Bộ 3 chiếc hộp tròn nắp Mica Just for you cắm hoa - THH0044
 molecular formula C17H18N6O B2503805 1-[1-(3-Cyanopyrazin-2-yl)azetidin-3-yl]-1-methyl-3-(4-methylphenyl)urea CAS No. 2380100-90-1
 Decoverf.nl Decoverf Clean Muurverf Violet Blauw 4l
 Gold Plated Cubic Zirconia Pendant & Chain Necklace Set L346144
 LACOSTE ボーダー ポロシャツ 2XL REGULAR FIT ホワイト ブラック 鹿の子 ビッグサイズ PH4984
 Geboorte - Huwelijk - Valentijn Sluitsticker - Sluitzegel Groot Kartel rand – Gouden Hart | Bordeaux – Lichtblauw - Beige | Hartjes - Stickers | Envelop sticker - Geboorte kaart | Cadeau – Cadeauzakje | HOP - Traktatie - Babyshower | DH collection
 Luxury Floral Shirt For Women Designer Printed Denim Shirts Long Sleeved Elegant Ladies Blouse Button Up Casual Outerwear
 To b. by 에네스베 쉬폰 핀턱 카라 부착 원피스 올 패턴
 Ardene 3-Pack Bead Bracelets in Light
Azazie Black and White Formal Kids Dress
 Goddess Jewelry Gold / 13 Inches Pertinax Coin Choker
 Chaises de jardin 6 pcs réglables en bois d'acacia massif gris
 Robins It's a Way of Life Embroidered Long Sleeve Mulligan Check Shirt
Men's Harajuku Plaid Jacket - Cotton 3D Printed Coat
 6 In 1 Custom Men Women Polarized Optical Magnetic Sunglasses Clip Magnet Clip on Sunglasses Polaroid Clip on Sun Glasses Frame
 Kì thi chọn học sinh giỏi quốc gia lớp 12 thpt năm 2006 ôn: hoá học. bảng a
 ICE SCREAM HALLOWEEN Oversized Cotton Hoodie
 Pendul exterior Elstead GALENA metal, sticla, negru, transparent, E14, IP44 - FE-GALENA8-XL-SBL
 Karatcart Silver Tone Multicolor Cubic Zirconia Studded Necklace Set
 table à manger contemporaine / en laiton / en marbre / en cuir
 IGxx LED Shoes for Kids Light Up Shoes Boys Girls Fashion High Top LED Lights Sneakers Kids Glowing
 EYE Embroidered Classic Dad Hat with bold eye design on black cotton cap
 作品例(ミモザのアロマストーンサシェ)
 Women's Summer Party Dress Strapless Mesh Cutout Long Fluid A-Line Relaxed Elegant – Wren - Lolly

# # # #

Find every line in the records that uses the string "Cubic", then copy it.

§ **SOLUTION TO THE EXERCISE**
 Gold Plated Cubic Zirconia Pendant & Chain Necklace Set L346144
 Karatcart Silver Tone Multicolor Cubic Zirconia Studded Necklace Set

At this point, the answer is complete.